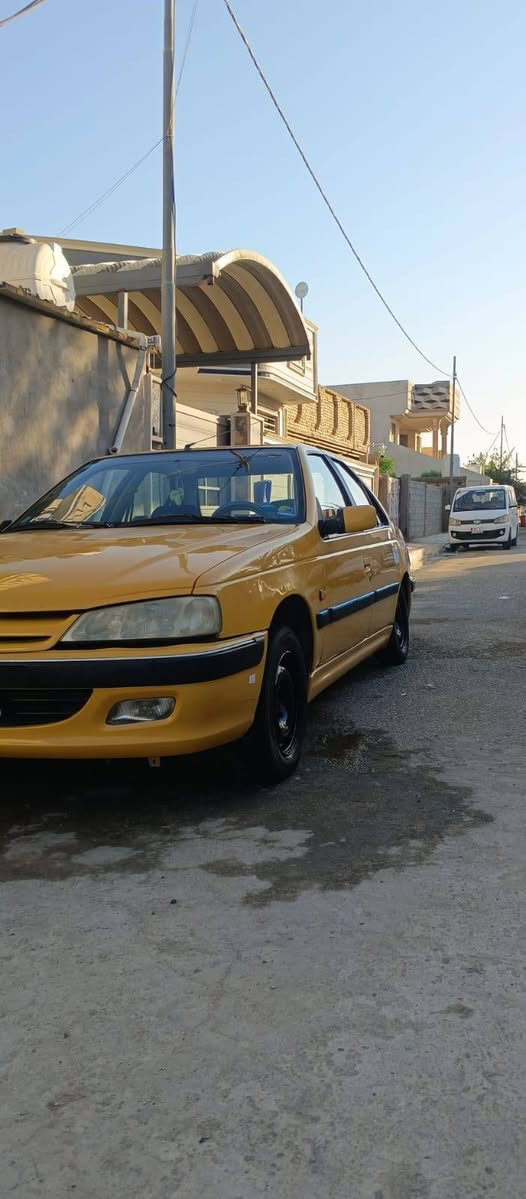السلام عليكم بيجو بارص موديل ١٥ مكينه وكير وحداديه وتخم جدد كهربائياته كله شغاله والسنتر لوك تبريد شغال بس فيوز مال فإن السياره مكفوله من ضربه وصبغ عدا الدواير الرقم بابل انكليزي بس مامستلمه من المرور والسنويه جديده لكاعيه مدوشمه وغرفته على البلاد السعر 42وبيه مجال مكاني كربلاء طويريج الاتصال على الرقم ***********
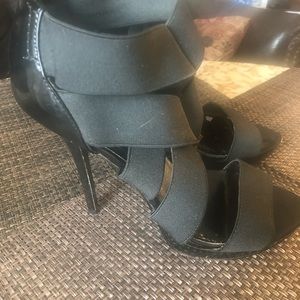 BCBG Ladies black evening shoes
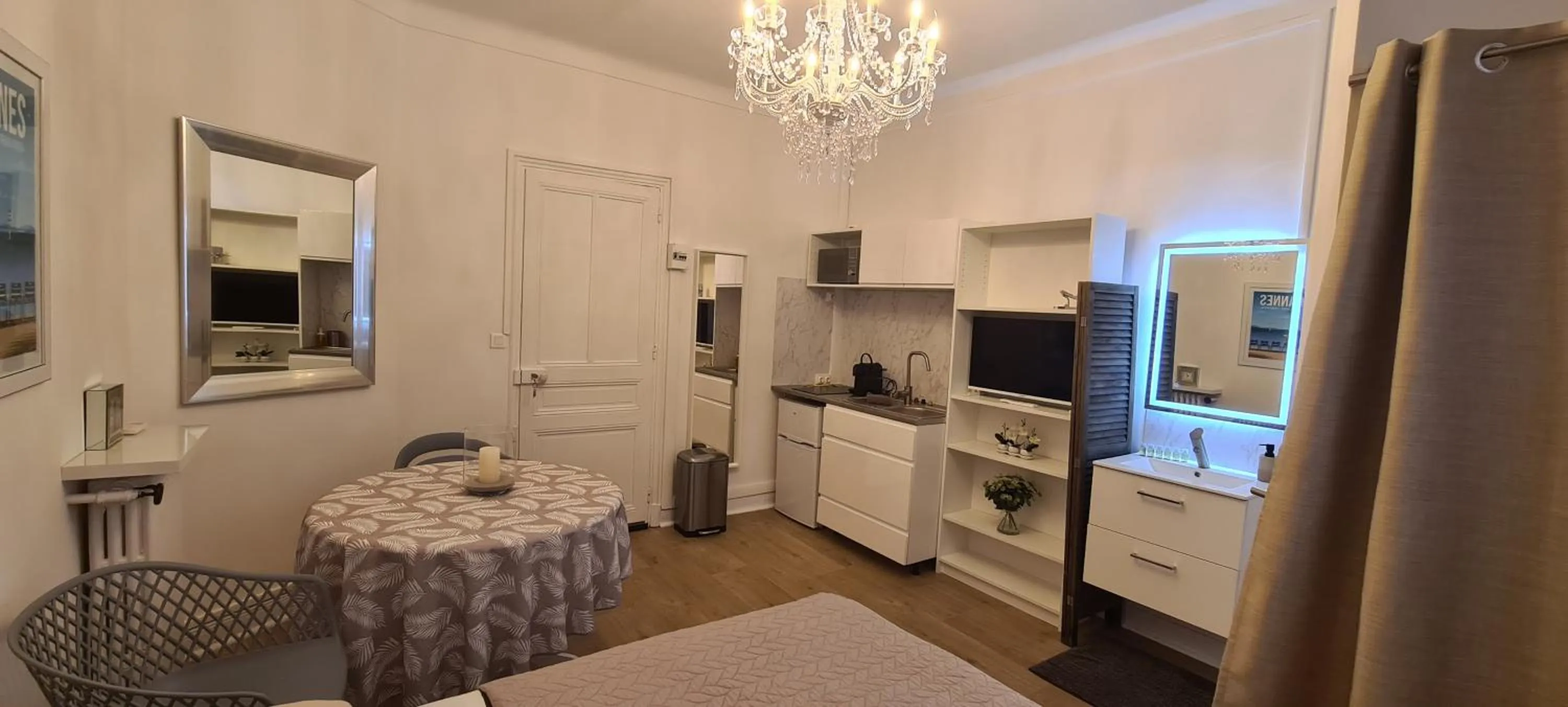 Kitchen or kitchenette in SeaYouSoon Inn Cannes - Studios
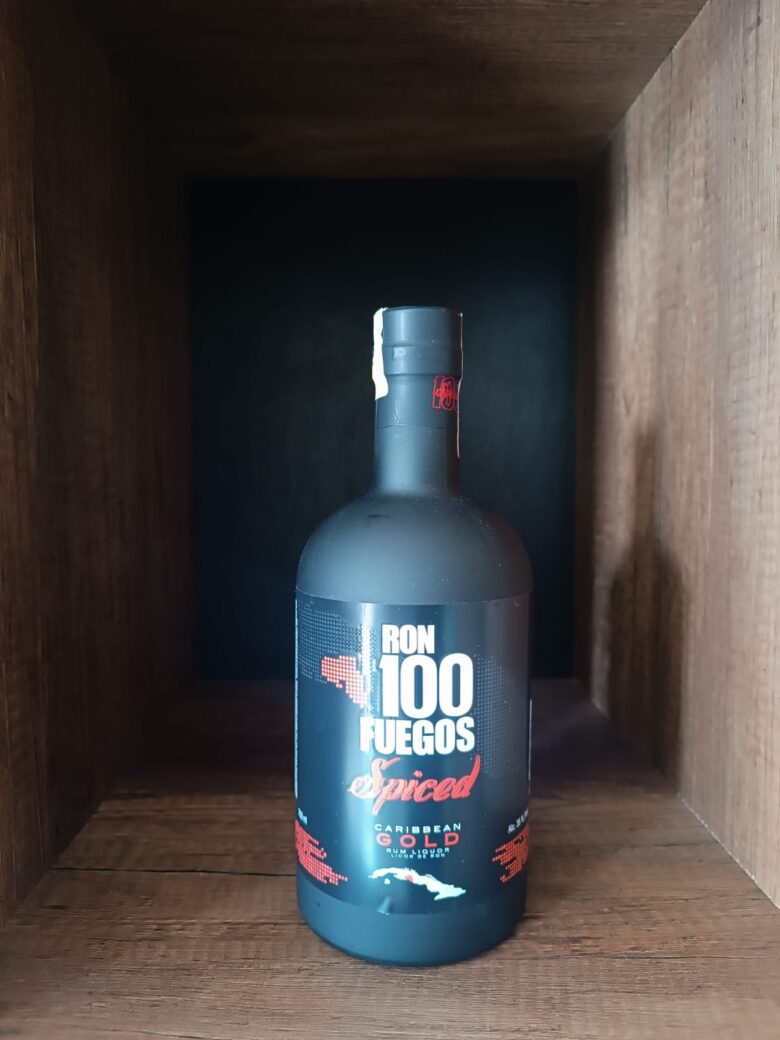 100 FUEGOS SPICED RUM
━━━━
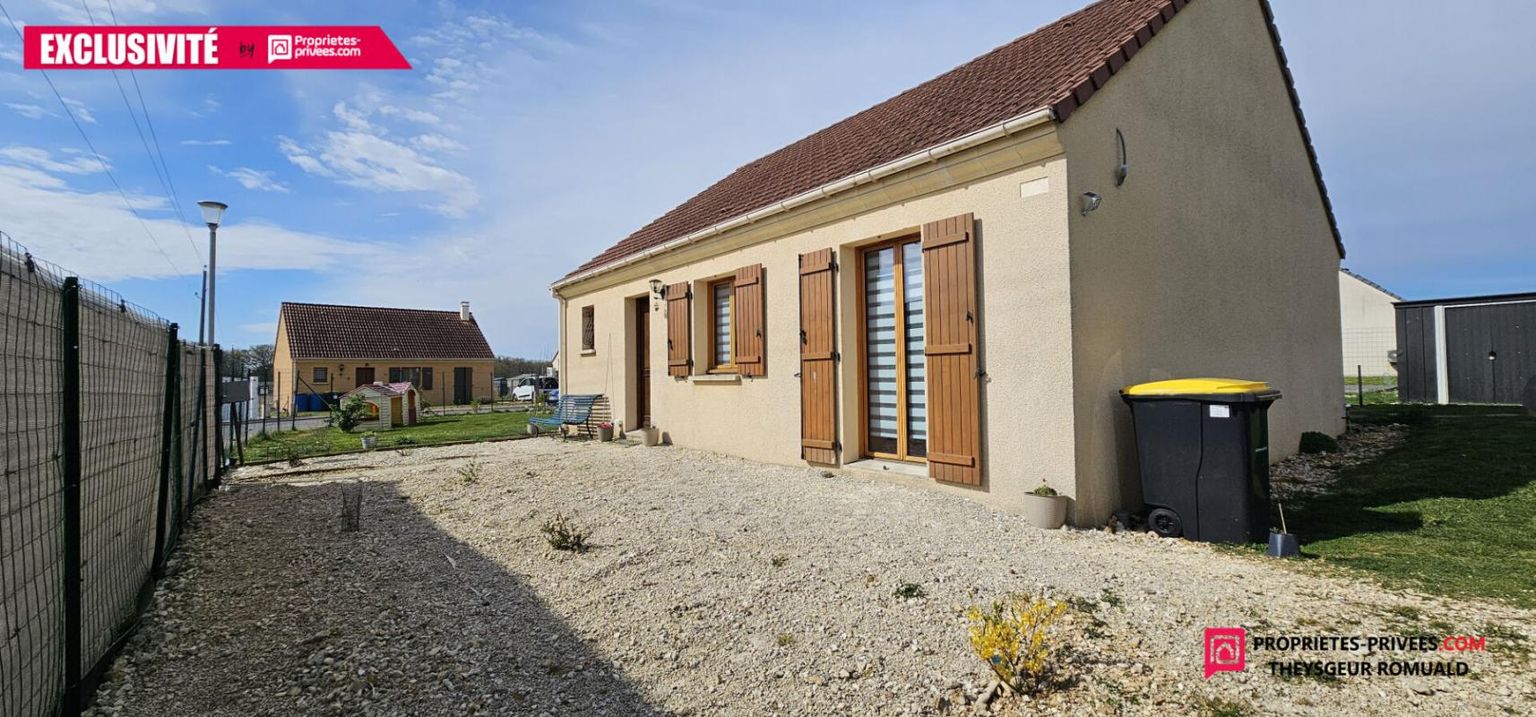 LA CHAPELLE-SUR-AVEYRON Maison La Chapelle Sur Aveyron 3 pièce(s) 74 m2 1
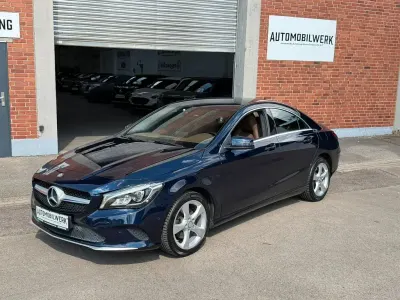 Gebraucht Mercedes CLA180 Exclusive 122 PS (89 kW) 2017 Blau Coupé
━━━━
* _The task_: The lines above from the line with "السلام عليكم بيجو" through the line with "BCBG Ladies black evening shoes" are to be given again word for word, with no pictures among them.

* _Problem solution_:
السلام عليكم بيجو بارص موديل ١٥ مكينه وكير وحداديه وتخم جدد كهربائياته كله شغاله والسنتر لوك تبريد شغال بس فيوز مال فإن السياره مكفوله من ضربه وصبغ عدا الدواير الرقم بابل انكليزي بس مامستلمه من المرور والسنويه جديده لكاعيه مدوشمه وغرفته على البلاد السعر 42وبيه مجال مكاني كربلاء طويريج الاتصال على الرقم ***********
 BCBG Ladies black evening shoes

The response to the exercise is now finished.